> [The task]: Would you please give the entries again word for word, with no images in your copy?

> [Given records]:

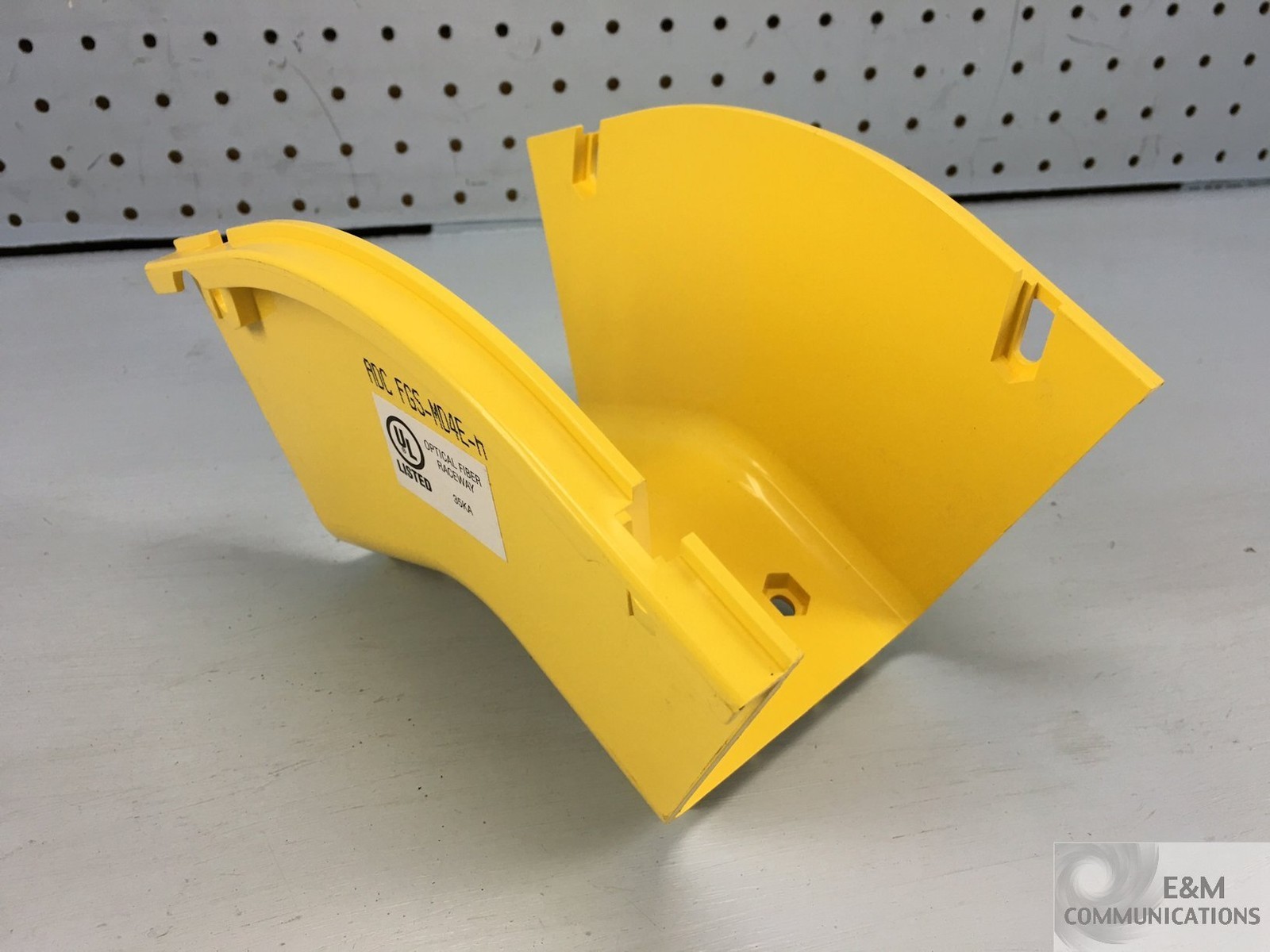 NEW FGS-MD4E-A ADC TE COMMSCOPE FIBERGUIDE 4" 45 DEGREE DOWN ELBOW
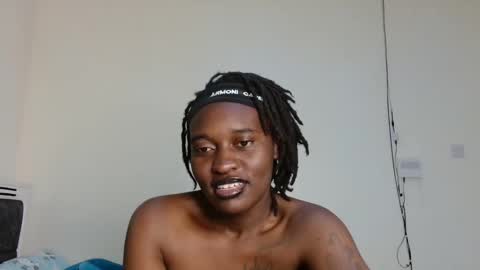 Snapshot of broken_haloo chatting on 03/05/26, 10:44 broken_haloo online show from 03/05/26, 10:44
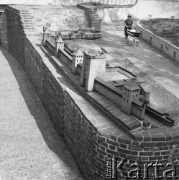 Wrzesień 1982, Wrocław, Polska
Makieta średniowiecznych murów miejskich, z prawej w głębi kobieta z dzieckiem w wózku.
Fot. Jarosław Tarań, zbiory Ośrodka KARTA [82-9] 

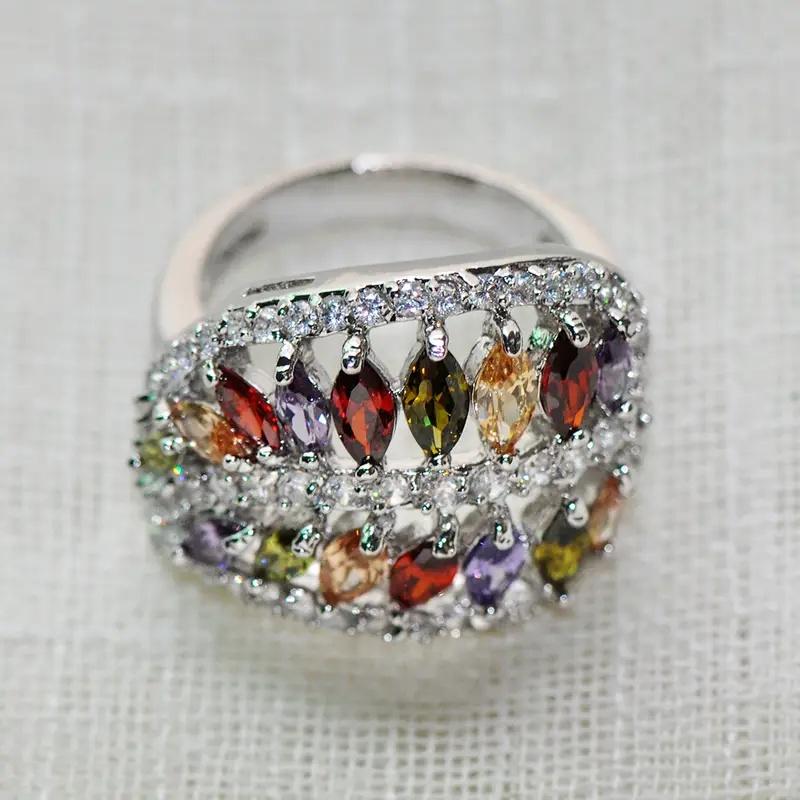 Huitan Women Leaf Shaped Rings with Marquise Colorful Cubic Zirconia CopperColor Fancy Daily Party Female Rings Trendy Jewelry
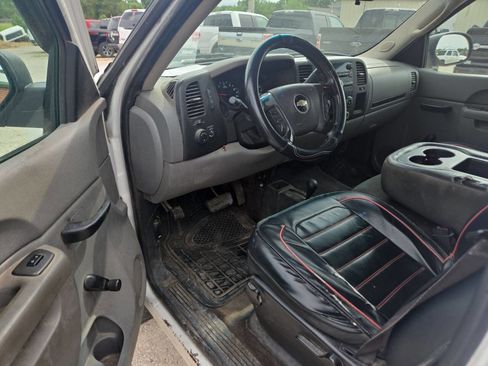 Used 2013 Chevrolet Silverado 1500 W/T AWD/4WD image 10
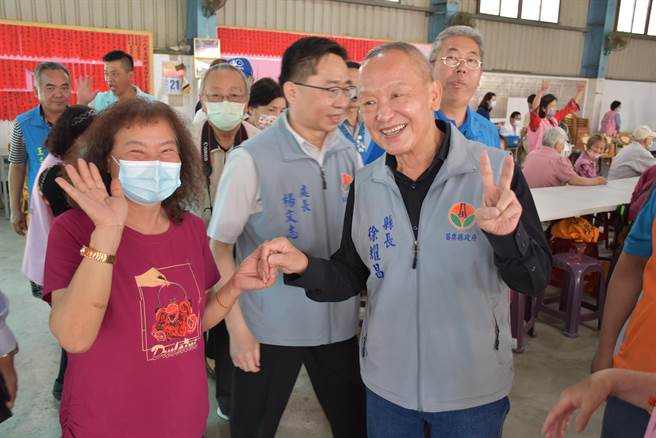 苗栗三义向阳关怀据点志工叶美莲欢喜与县长徐耀昌合影。（谢明俊摄）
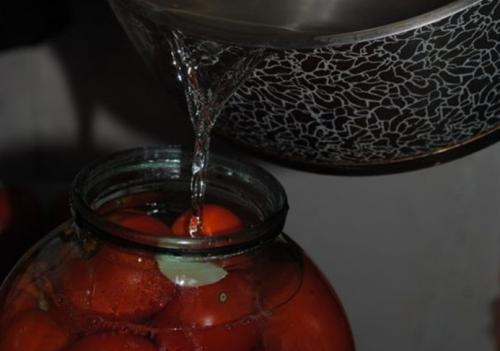 Сладкие помидоры с петрушкой на зиму. Сладкие помидоры с очень вкусным рассолом на зиму. Рецепты на трехлитровую и литровую банки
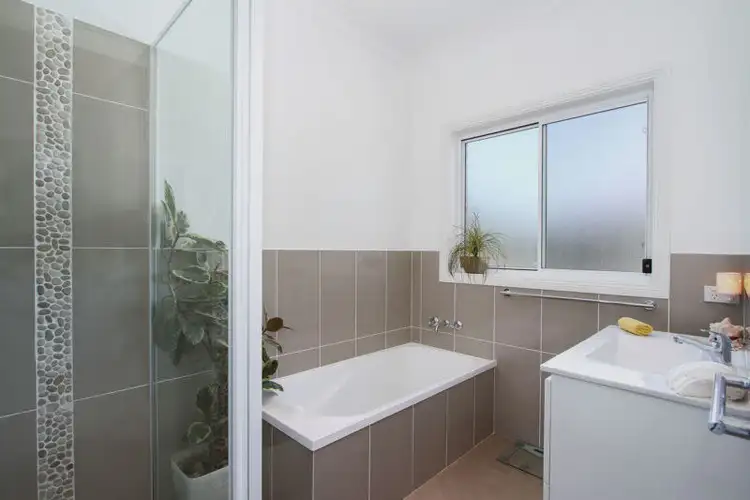 Fifth view of Homely house listing, 27 Windmill Drive, Tamworth NSW 2340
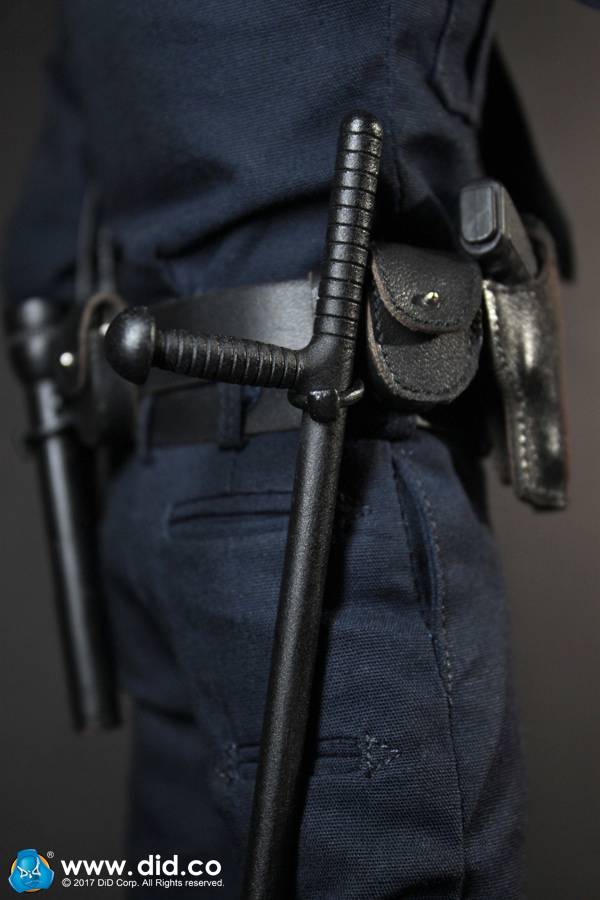 MA1009-31 LAPD Patrol - Officer Austin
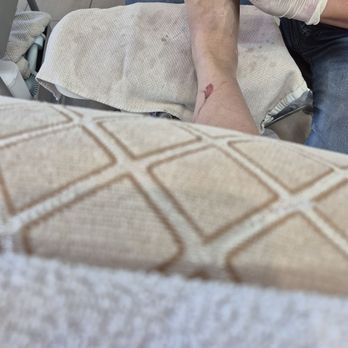 Kelly's Beauty Nail Spa - Came back again to see my favorite pedicurist; Leo - Skin Care Near Me - Los Angeles, California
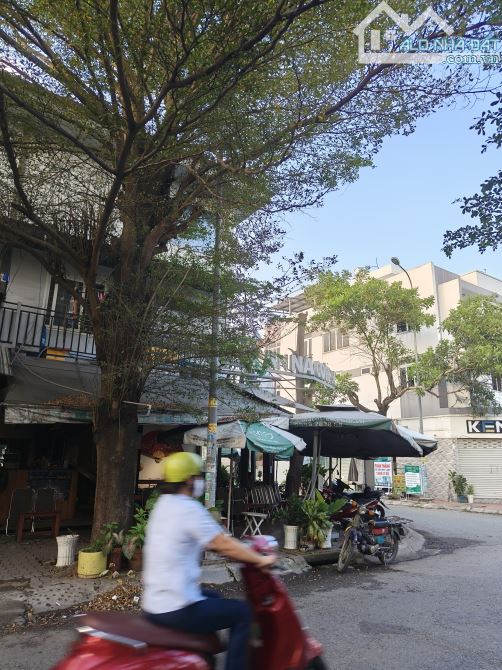 1 Lô Đất Duy Nhất 16 x 20 Đường D3 KDC Nam Long, Phước Long B, Quận 9 - 1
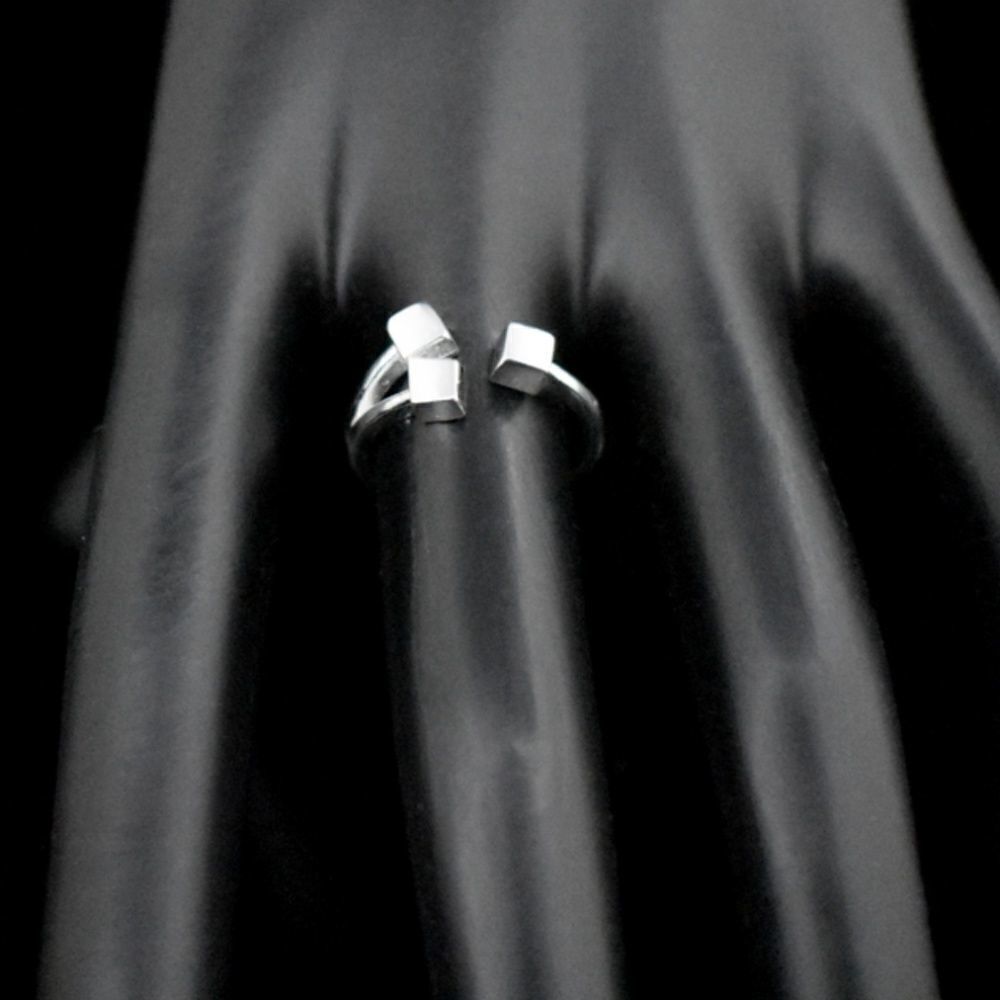 Square Geometry Ring  - Picture 3 of 4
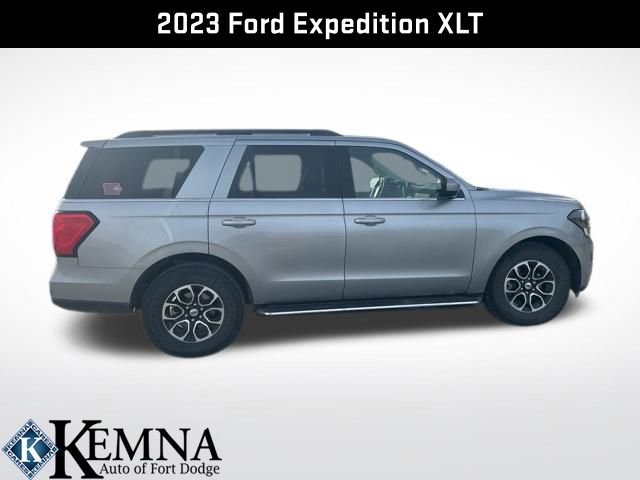 Used 2023 Ford Expedition XLT image 10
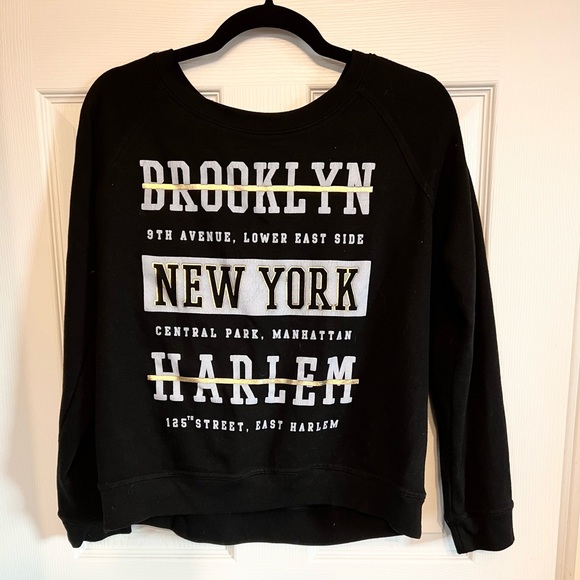 Gold New York Sweatshirt- size small - Picture 1 of 2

> [Your response]:
 NEW FGS-MD4E-A ADC TE COMMSCOPE FIBERGUIDE 4" 45 DEGREE DOWN ELBOW
 Snapshot of broken_haloo chatting on 03/05/26, 10:44 broken_haloo online show from 03/05/26, 10:44
 Wrzesień 1982, Wrocław, Polska
Makieta średniowiecznych murów miejskich, z prawej w głębi kobieta z dzieckiem w wózku.
Fot. Jarosław Tarań, zbiory Ośrodka KARTA [82-9] 

 Huitan Women Leaf Shaped Rings with Marquise Colorful Cubic Zirconia CopperColor Fancy Daily Party Female Rings Trendy Jewelry
 Used 2013 Chevrolet Silverado 1500 W/T AWD/4WD image 10
 苗栗三义向阳关怀据点志工叶美莲欢喜与县长徐耀昌合影。（谢明俊摄）
 Сладкие помидоры с петрушкой на зиму. Сладкие помидоры с очень вкусным рассолом на зиму. Рецепты на трехлитровую и литровую банки
 Fifth view of Homely house listing, 27 Windmill Drive, Tamworth NSW 2340
 MA1009-31 LAPD Patrol - Officer Austin
 Kelly's Beauty Nail Spa - Came back again to see my favorite pedicurist; Leo - Skin Care Near Me - Los Angeles, California
 1 Lô Đất Duy Nhất 16 x 20 Đường D3 KDC Nam Long, Phước Long B, Quận 9 - 1
 Square Geometry Ring  - Picture 3 of 4
 Used 2023 Ford Expedition XLT image 10
 Gold New York Sweatshirt- size small - Picture 1 of 2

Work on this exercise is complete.